- EXERCISE DETAILS
Pictures appear among the records below and must be omitted. Repeat exactly the lines from the line with "Personalised Ethiopia Family" to the line with "Glezna Vecs koks ar izplatītām saknēm s44731", both included.

- MATERIAL PROVIDED
*-*-*

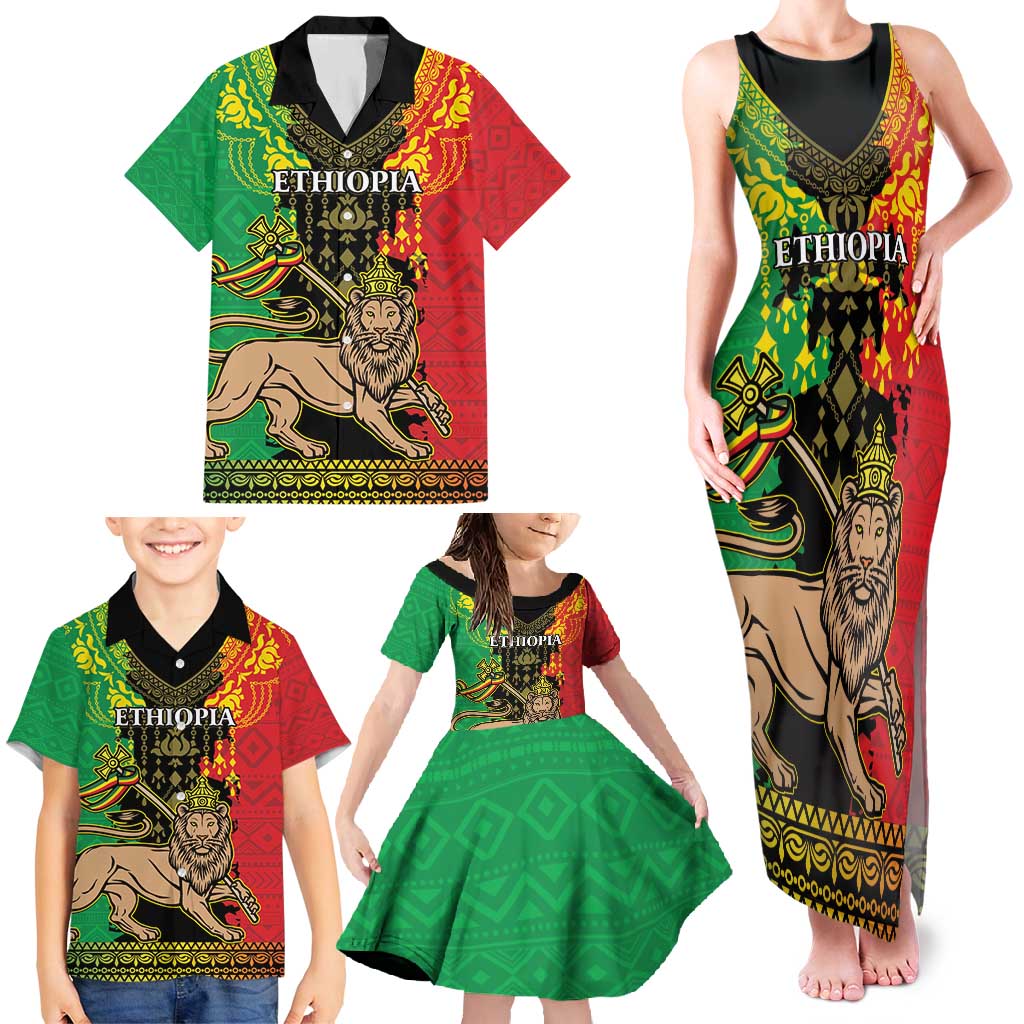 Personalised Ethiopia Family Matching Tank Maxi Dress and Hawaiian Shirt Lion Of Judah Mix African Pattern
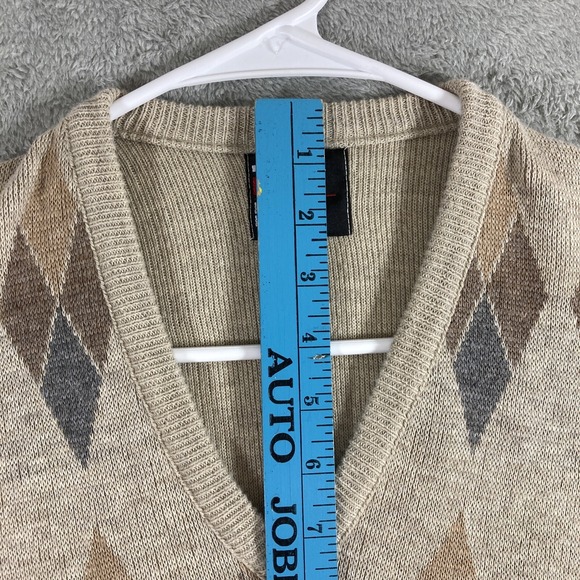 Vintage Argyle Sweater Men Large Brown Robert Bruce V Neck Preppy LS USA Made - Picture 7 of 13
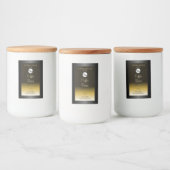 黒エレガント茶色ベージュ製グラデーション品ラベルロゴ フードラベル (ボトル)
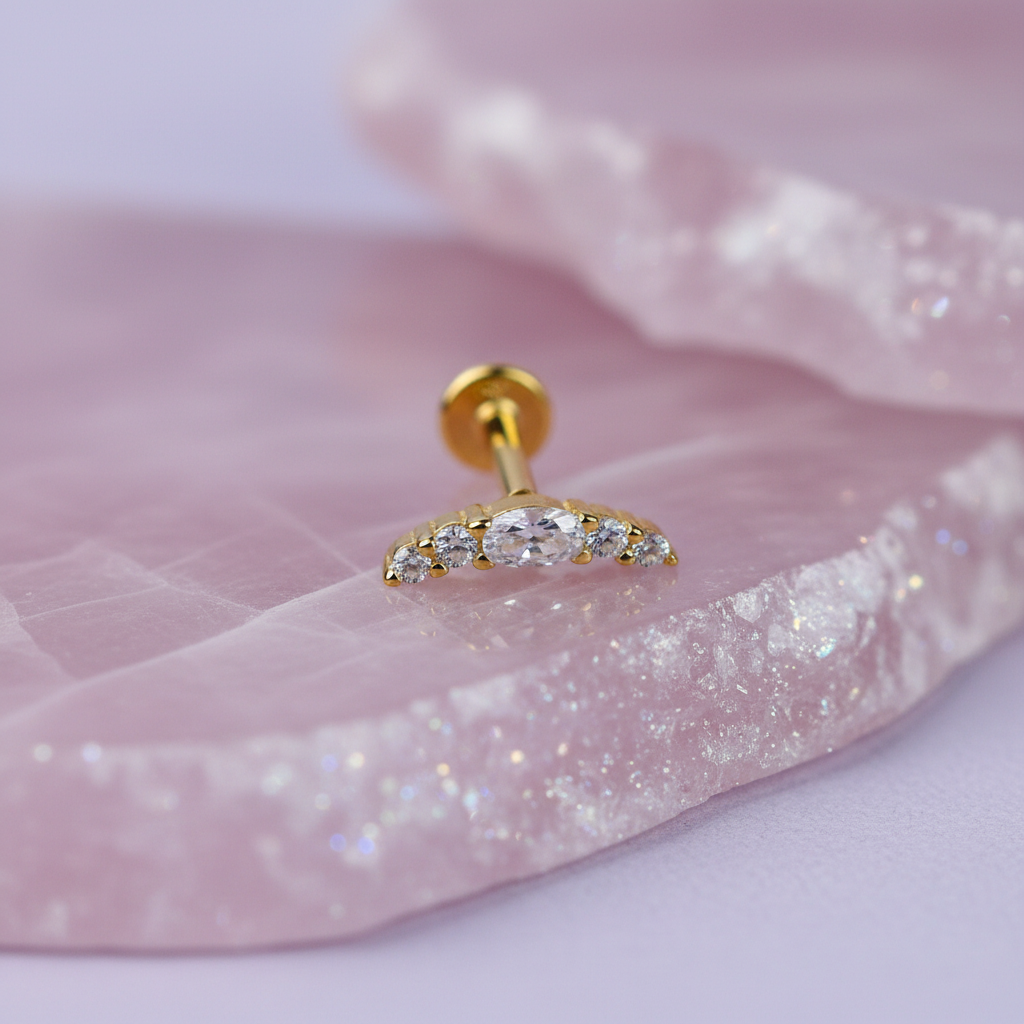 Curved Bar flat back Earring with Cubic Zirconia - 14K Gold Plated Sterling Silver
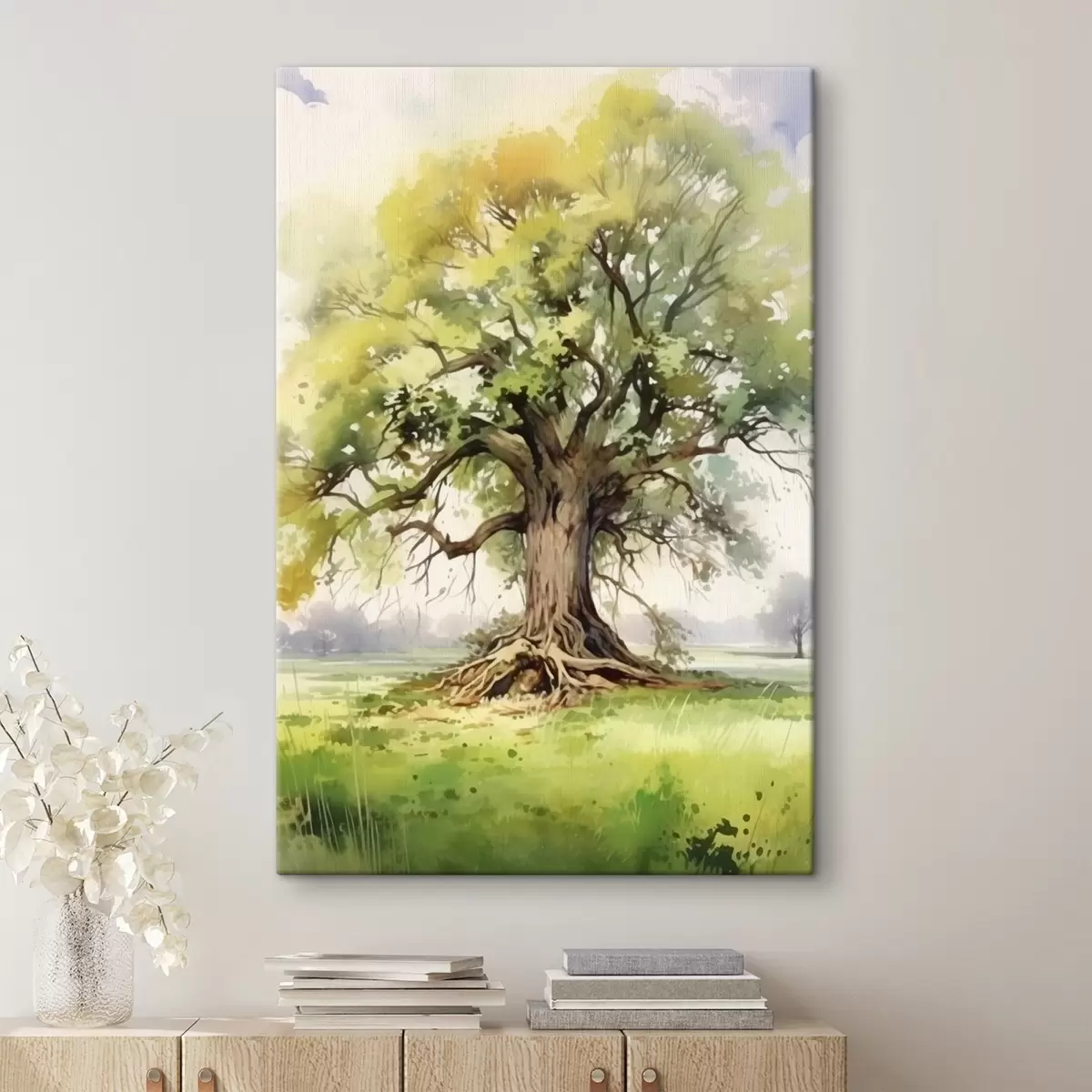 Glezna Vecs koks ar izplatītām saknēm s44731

*-*-*

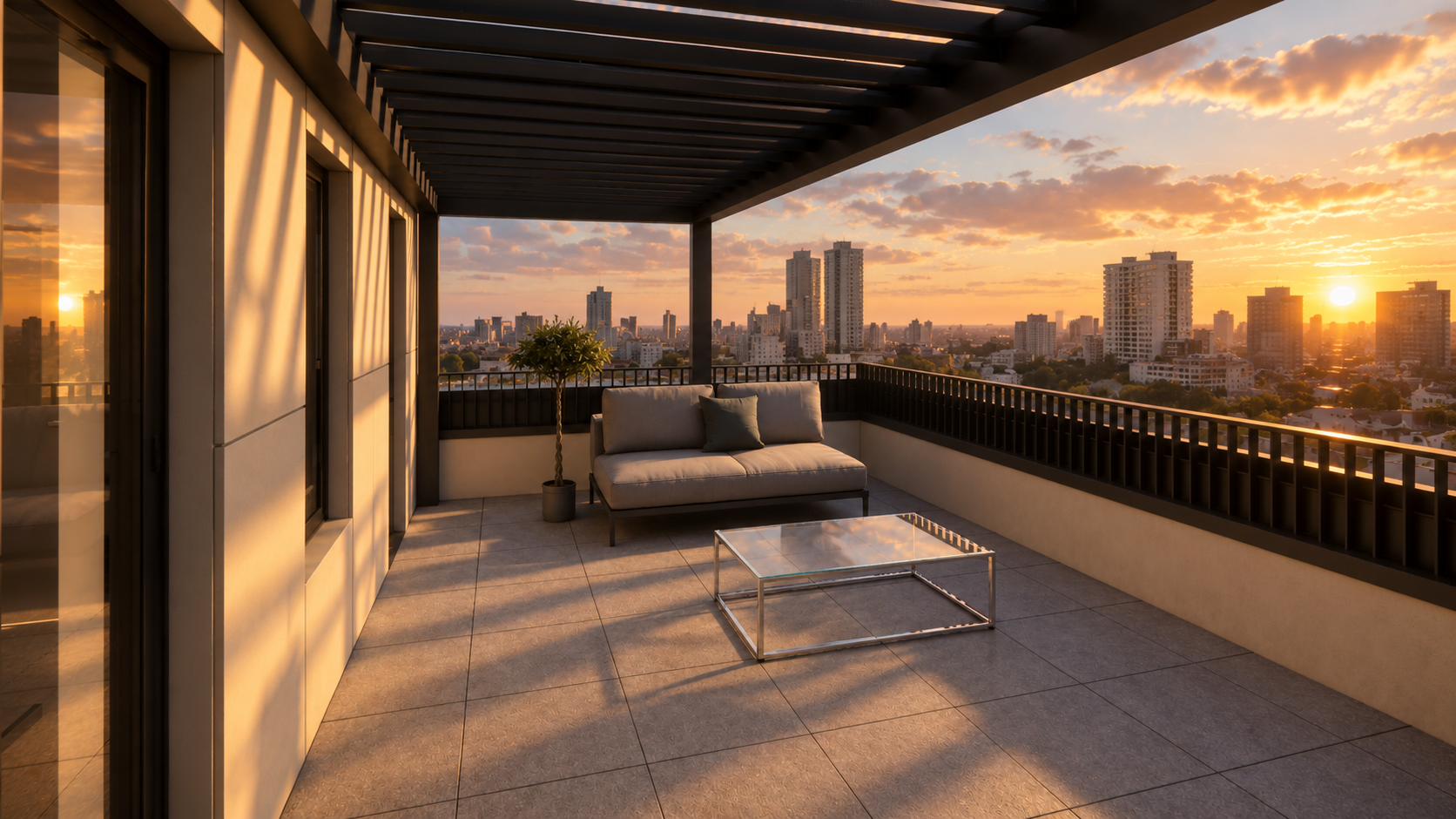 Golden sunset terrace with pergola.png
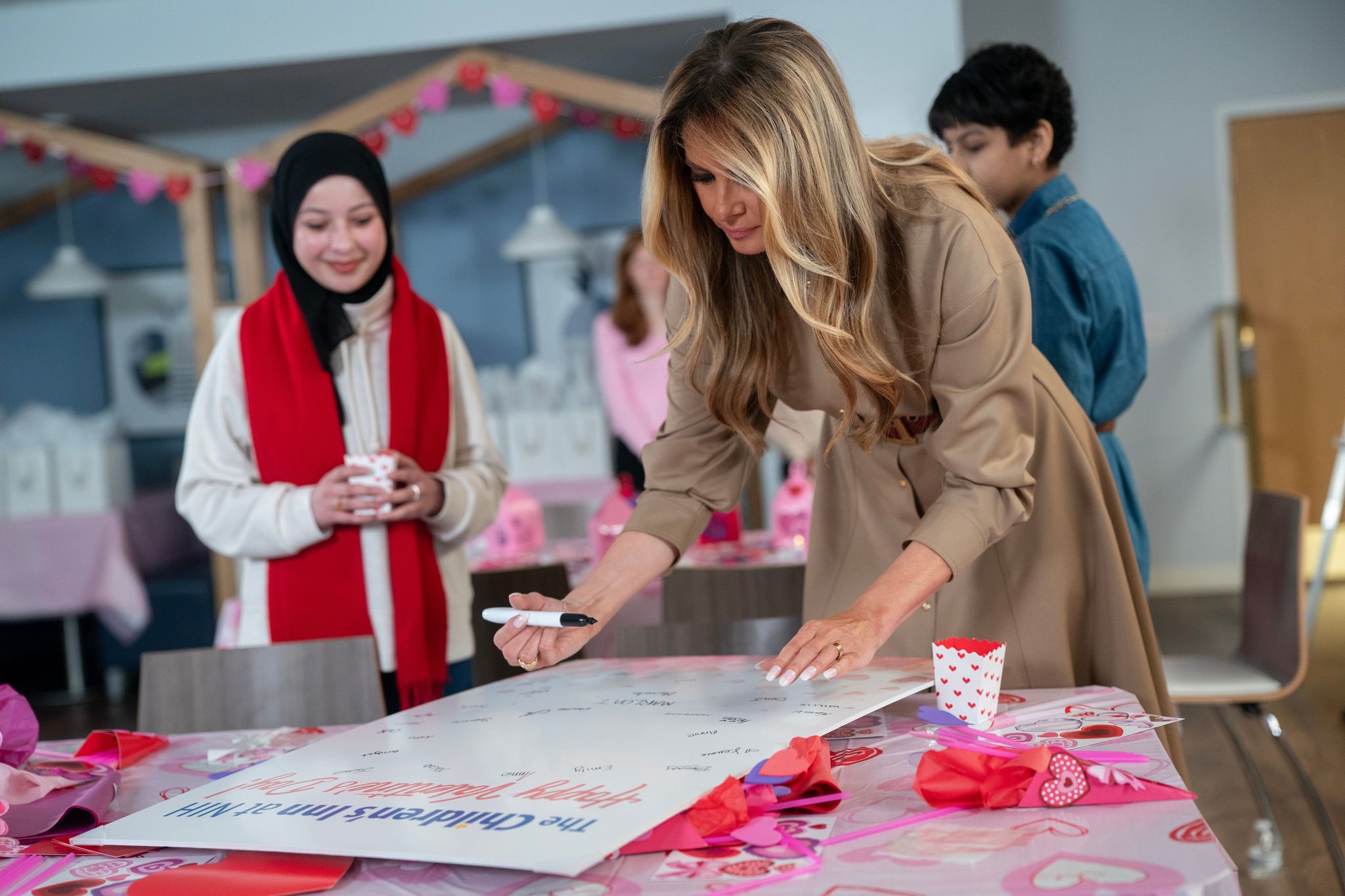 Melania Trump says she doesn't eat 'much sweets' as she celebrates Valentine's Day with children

*-*-*

- EXPECTED ANSWER
 Personalised Ethiopia Family Matching Tank Maxi Dress and Hawaiian Shirt Lion Of Judah Mix African Pattern
 Vintage Argyle Sweater Men Large Brown Robert Bruce V Neck Preppy LS USA Made - Picture 7 of 13
 黒エレガント茶色ベージュ製グラデーション品ラベルロゴ フードラベル (ボトル)
 Curved Bar flat back Earring with Cubic Zirconia - 14K Gold Plated Sterling Silver
 Glezna Vecs koks ar izplatītām saknēm s44731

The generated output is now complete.